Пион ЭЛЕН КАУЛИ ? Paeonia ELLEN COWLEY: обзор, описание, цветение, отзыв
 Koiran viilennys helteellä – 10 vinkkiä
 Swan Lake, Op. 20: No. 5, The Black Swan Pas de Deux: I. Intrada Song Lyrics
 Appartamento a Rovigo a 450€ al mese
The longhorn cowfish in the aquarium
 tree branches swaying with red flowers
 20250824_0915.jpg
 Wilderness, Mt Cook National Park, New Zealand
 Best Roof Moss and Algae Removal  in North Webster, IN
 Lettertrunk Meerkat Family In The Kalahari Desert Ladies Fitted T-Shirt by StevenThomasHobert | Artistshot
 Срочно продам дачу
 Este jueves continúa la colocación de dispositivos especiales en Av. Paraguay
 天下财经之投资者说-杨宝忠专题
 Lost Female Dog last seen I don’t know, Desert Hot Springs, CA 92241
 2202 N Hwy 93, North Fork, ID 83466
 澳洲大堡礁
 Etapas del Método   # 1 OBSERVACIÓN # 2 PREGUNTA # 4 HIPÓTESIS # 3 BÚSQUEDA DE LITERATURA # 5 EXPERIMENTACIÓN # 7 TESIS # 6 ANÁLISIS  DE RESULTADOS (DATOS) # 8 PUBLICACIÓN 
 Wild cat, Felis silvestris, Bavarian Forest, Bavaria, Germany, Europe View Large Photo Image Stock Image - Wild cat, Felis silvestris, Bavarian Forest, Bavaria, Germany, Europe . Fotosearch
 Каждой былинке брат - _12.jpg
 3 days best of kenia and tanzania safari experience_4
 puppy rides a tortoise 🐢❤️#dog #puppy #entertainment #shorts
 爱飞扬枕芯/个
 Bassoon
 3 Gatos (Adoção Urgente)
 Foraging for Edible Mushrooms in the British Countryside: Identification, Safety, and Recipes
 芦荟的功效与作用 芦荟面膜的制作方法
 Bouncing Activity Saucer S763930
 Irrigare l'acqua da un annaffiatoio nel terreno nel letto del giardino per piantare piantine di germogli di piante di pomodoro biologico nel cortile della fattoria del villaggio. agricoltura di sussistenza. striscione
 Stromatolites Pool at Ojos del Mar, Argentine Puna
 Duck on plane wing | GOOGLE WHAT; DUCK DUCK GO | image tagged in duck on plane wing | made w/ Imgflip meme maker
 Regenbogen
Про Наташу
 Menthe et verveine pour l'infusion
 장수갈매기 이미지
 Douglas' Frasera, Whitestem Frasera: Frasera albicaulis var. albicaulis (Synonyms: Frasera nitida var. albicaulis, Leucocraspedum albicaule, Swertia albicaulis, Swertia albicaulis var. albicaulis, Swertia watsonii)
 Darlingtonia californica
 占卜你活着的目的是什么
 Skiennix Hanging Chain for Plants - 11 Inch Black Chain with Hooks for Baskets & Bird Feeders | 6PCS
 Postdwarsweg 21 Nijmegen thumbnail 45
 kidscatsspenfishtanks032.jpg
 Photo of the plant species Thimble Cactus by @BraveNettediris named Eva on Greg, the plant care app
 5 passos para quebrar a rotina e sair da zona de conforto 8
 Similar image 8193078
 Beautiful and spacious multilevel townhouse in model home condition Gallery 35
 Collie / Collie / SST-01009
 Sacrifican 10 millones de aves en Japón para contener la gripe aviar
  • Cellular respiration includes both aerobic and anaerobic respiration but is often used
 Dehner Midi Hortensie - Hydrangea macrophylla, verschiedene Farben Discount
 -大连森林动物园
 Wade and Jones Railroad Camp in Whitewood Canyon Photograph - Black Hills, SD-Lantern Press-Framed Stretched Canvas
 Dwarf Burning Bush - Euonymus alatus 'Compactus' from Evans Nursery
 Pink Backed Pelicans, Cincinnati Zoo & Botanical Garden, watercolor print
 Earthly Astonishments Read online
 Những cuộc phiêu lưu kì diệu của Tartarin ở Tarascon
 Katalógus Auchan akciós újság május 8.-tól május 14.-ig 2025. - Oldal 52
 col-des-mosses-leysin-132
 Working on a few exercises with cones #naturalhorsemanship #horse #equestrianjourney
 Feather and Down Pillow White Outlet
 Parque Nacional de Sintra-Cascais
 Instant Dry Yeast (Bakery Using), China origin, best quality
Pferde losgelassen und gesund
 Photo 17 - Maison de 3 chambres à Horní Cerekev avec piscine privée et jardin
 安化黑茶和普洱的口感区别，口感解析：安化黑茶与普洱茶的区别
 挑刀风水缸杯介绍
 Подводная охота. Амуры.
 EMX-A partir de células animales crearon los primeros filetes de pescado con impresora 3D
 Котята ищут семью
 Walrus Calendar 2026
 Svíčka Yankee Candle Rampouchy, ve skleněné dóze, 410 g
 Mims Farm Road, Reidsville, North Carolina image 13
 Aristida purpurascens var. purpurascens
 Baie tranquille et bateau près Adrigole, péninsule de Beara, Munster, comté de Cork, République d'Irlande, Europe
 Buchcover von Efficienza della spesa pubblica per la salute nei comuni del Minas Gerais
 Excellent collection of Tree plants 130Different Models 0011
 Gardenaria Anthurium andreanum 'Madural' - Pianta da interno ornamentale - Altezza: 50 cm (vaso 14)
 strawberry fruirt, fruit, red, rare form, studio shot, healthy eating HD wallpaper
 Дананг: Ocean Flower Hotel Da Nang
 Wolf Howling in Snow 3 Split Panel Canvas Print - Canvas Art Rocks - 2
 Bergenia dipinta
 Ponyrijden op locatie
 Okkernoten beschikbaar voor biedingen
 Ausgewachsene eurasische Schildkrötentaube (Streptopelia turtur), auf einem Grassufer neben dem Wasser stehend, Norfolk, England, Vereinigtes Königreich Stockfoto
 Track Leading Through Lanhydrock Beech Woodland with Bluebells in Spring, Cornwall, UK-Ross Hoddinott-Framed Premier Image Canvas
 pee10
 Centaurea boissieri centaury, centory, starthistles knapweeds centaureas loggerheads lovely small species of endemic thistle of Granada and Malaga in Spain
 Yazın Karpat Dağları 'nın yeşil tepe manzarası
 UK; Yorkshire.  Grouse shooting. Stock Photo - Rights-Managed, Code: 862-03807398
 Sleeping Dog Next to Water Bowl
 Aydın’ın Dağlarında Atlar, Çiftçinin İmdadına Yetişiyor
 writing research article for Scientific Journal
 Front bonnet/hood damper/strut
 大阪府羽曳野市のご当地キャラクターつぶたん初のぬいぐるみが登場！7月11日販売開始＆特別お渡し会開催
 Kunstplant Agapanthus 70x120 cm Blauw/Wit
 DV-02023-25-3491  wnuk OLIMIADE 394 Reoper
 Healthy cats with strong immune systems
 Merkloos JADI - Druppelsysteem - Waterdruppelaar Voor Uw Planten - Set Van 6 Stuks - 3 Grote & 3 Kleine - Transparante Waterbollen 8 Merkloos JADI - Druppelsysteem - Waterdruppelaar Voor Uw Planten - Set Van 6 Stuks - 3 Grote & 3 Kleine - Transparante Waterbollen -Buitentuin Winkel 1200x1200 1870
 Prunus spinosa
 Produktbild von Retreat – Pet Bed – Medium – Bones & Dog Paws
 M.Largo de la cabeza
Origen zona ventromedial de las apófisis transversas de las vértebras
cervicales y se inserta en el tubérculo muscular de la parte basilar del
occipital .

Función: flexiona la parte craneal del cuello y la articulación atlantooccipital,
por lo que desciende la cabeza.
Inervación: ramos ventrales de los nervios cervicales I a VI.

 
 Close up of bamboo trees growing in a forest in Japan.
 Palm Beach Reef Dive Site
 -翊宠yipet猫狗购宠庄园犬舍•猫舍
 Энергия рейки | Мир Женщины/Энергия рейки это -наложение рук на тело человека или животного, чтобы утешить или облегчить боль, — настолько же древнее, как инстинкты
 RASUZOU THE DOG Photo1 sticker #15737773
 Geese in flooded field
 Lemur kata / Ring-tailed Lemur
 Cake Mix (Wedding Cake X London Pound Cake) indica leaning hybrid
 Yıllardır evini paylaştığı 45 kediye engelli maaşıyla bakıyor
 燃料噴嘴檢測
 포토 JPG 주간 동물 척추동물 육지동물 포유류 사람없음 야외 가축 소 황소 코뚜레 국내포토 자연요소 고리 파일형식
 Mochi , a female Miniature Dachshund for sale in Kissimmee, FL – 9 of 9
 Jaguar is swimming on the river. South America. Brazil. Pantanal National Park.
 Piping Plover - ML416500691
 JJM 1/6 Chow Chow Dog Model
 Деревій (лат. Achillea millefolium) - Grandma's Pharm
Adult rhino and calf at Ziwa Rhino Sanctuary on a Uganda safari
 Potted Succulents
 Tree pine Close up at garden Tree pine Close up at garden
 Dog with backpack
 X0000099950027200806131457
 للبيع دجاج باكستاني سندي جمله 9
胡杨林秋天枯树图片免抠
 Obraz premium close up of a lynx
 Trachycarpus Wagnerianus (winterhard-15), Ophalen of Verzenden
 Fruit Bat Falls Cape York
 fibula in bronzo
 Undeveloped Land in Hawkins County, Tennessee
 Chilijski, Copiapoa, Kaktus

• • •

■ TO DO:
Whenever the word "North" appears in a line of the listing, report that line.

■ TASK OUTPUT:
 Best Roof Moss and Algae Removal  in North Webster, IN
 2202 N Hwy 93, North Fork, ID 83466
 Mims Farm Road, Reidsville, North Carolina image 13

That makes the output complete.